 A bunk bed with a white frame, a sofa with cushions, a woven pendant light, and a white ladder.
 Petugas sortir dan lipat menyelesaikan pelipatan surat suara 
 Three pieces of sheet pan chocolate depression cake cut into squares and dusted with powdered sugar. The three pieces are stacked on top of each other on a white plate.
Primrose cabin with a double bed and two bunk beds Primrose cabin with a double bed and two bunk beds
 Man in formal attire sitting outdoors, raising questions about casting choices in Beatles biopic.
...
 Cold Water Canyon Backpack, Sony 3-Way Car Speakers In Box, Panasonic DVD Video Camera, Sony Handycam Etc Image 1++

What this task involves —
With the first line being the one containing "Primrose cabin with a double bed and two bunk beds Primrose" and the last line the one containing "Man in formal", transcribe exactly the lines above that fall in that range.

Response to the exercise —
Primrose cabin with a double bed and two bunk beds Primrose cabin with a double bed and two bunk beds
 Man in formal attire sitting outdoors, raising questions about casting choices in Beatles biopic.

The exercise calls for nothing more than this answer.